Restaurants

Toast pre-IPO Black Book date change

We moved our Toast pre-IPO black book to Tuesday September 21st at 2PM ET. 

Toast, a restaurant software startup, seeks to raise $825M in its IPO next week.  Toast grew from having its technology in 6,000 restaurant locations in 2017 to 33,129 as of June 2020, adding 14,813 locations through June 2021 for a total of 47,942 sites.  The company's revenue grew 105% YoY from $344 million to $704 million during the six months ended June 2021.  Two acquisitions have supplemented toast's organic growth. In June, it acquired xtraChef, which offers back-office technology for restaurants, two years after acquiring HR and payroll software provider StratEx. 
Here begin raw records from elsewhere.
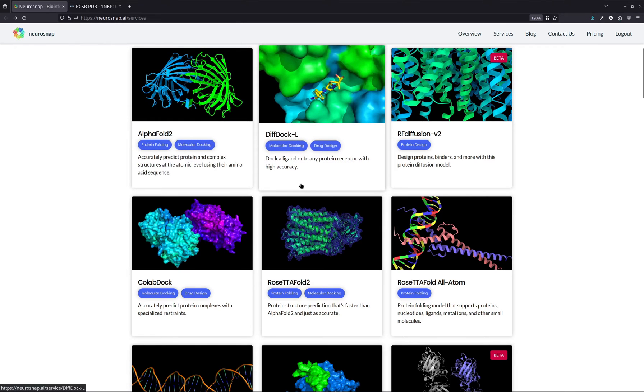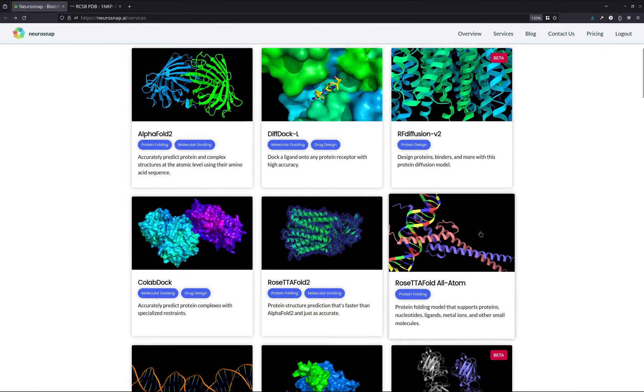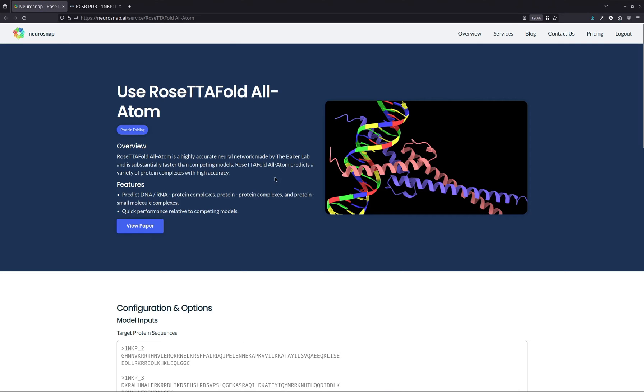So in the case of RosettaFold All Atom, all we're really going to do is select the tool over here. And then from there, we're now at the user submission panel where we can actually enter our inputs on all the different proteins and molecules that we want to fold.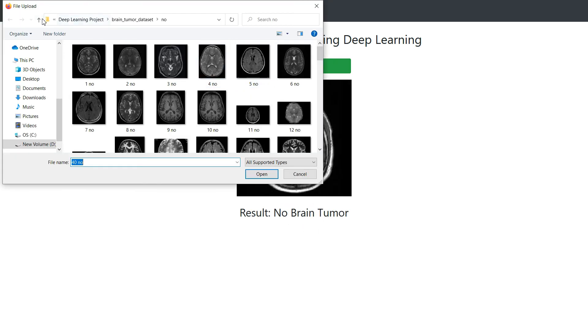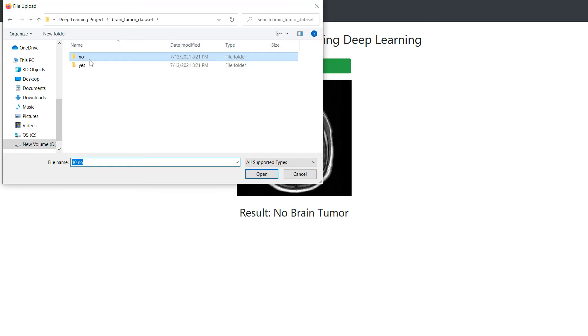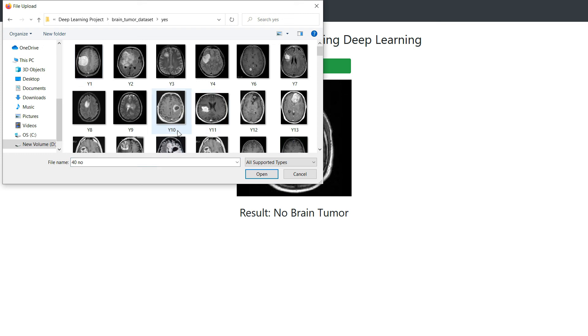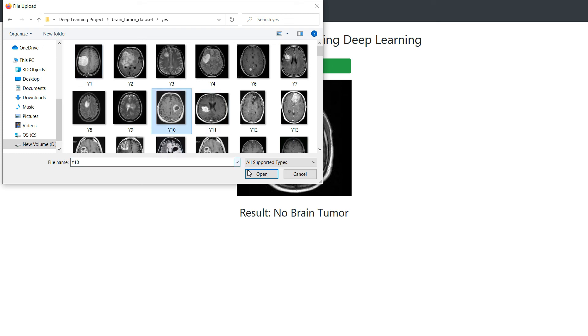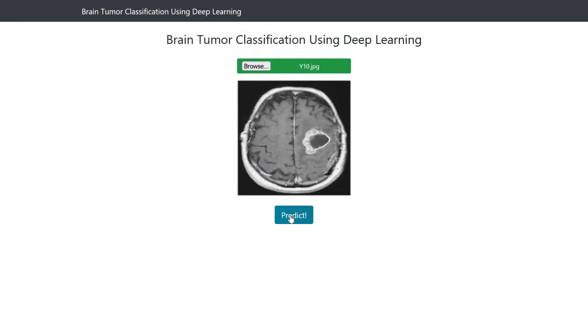Let's check for the positive case, so let's choose this one and click predict. You can see here: brain tumor detected.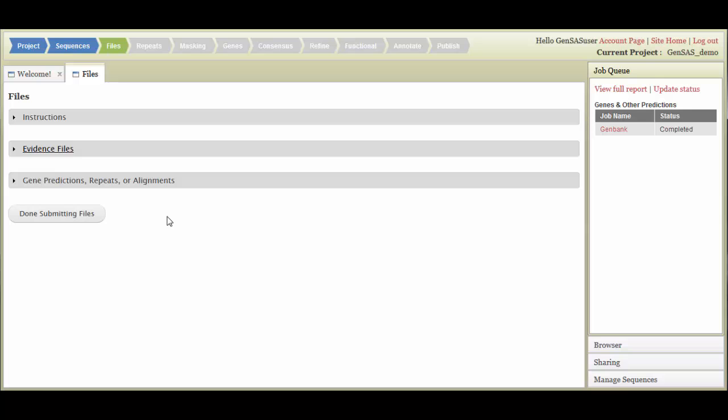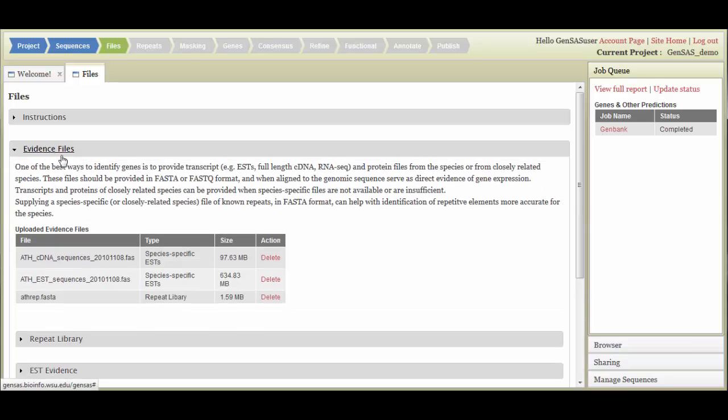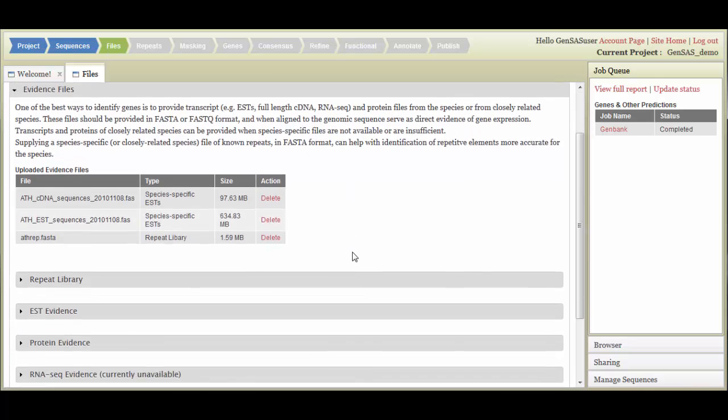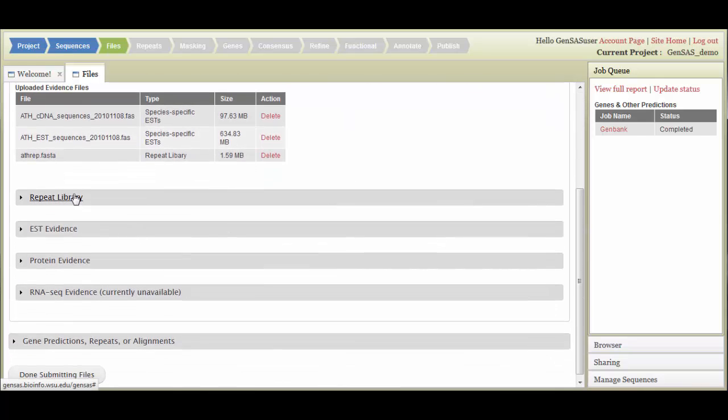There are a few different file types that can be added to GenSaaS. Under the Evidence Files section, you can upload FASTA files of repeat libraries, cDNA, EST, and transcript evidence, or protein evidence.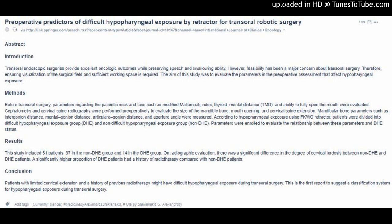Patients with limited cervical extension and a history of previous radiotherapy might have difficult hypopharyngeal exposure during transoral surgery. This is the first report to suggest a classification system for hypopharyngeal exposure during transoral surgery.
The pandemic has challenged the restaurant industry, from moving to all take-out/delivery to welcoming guests back inside. The pandemic forced an industry that was slow to adopt technology to implement it in multiple facets for survival. Menus, orders, and payments shifted digitally. Toast offers software to help the industry's new host of challenges. With the labor shortage, the software has filled in for numerous employees.  Toast processed over $38 billion in gross payment volume in the trailing 12 months.  Industry growth will be driven by incremental spending on restaurant technology to increase as more operators add tools to help their operations. According to the filing, restaurants in the U.S. spent about $25 billion on technology in 2019, making up less than 3% of the restaurant industry's total sales. The company expects technology spend to increase to $55 billion by 2024.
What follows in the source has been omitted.